== Exercise objective ==
Scan the listing for the word "people" and report every line that contains it.

== Exercise materials ==
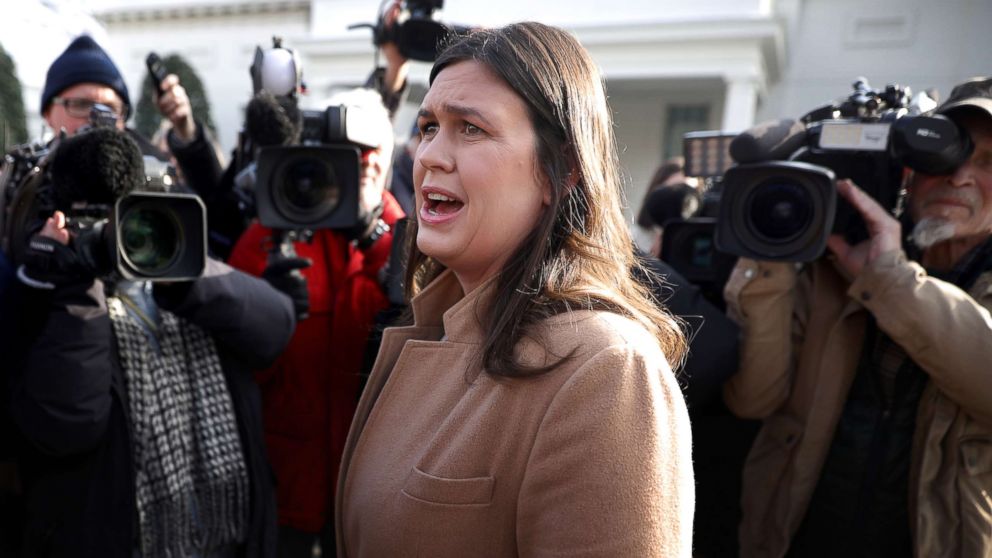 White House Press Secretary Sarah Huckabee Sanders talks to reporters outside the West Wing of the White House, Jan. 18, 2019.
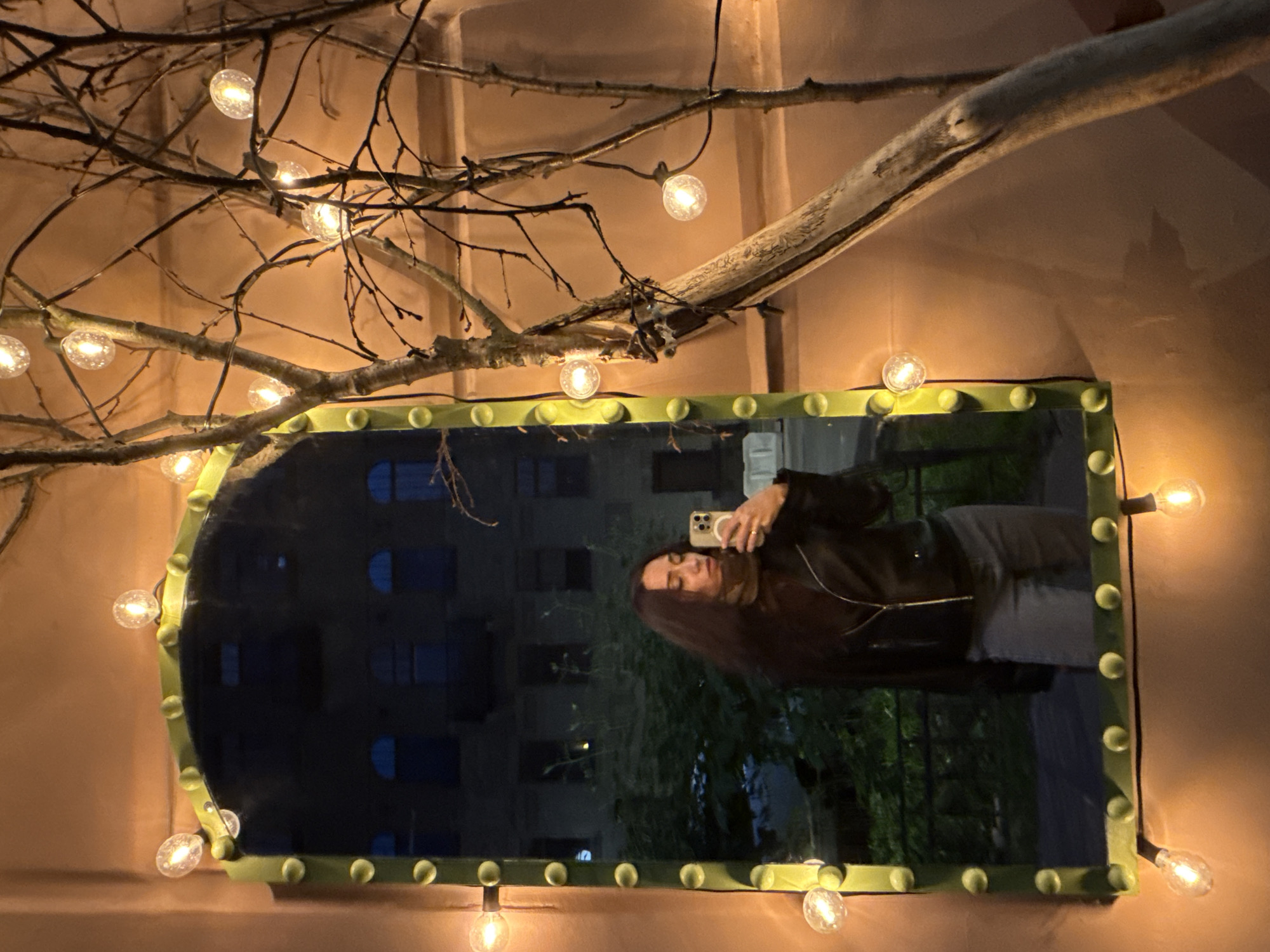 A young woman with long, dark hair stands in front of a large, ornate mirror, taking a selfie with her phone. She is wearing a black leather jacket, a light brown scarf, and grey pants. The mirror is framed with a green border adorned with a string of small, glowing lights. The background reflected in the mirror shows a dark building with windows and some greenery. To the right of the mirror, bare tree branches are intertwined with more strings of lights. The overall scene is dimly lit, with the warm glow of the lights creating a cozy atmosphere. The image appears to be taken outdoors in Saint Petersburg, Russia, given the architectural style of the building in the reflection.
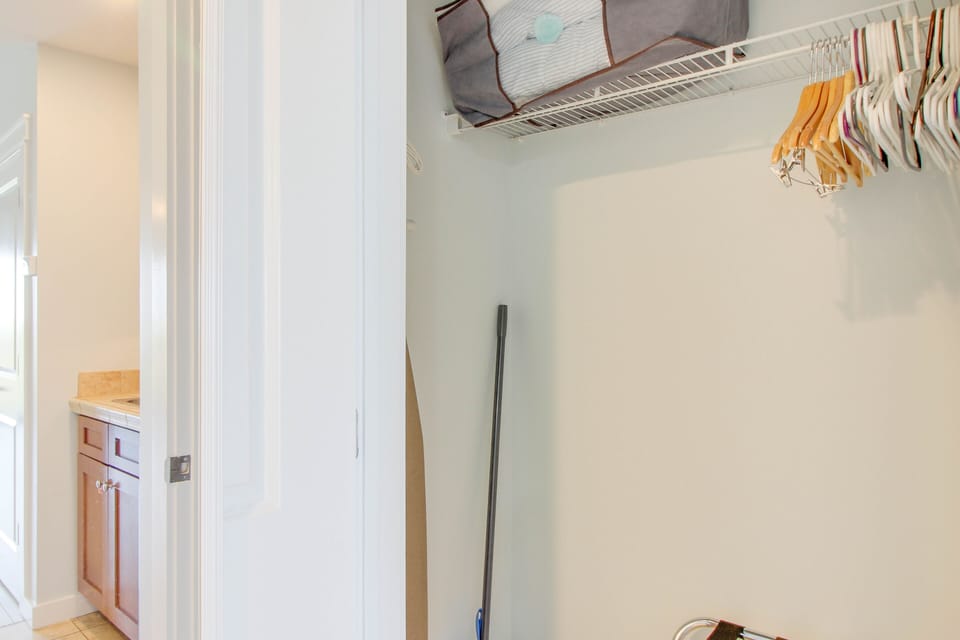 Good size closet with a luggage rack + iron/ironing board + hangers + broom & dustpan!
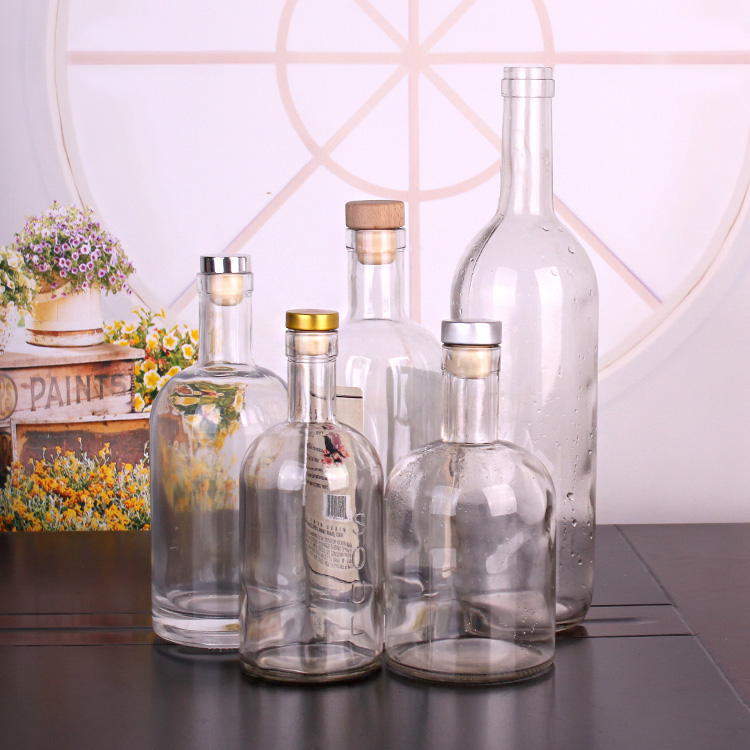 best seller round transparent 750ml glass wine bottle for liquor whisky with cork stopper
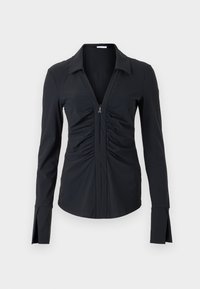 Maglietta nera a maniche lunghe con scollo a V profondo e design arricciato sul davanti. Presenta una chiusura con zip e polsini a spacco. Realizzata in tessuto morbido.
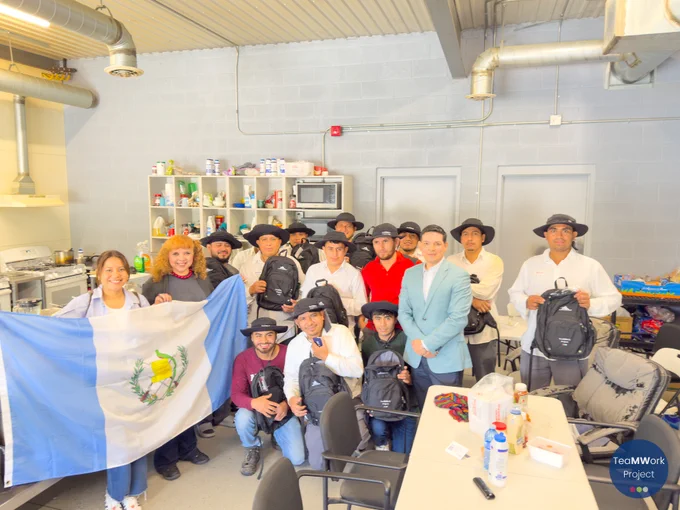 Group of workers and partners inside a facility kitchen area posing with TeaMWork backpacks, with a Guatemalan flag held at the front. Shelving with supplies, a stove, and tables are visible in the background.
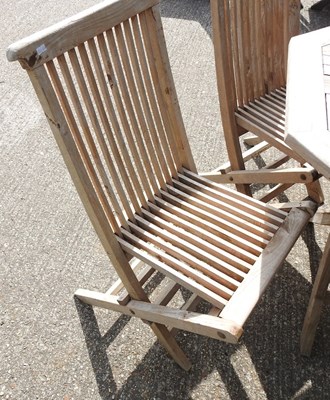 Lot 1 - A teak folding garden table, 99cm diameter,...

...

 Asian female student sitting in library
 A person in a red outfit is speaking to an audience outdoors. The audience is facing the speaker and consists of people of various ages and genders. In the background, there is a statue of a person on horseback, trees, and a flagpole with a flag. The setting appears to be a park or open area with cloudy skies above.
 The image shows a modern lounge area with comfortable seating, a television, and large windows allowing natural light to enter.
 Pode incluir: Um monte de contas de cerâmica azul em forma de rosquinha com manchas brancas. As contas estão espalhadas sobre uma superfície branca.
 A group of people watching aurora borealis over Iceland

== Response to the exercise ==
 A person in a red outfit is speaking to an audience outdoors. The audience is facing the speaker and consists of people of various ages and genders. In the background, there is a statue of a person on horseback, trees, and a flagpole with a flag. The setting appears to be a park or open area with cloudy skies above.
 A group of people watching aurora borealis over Iceland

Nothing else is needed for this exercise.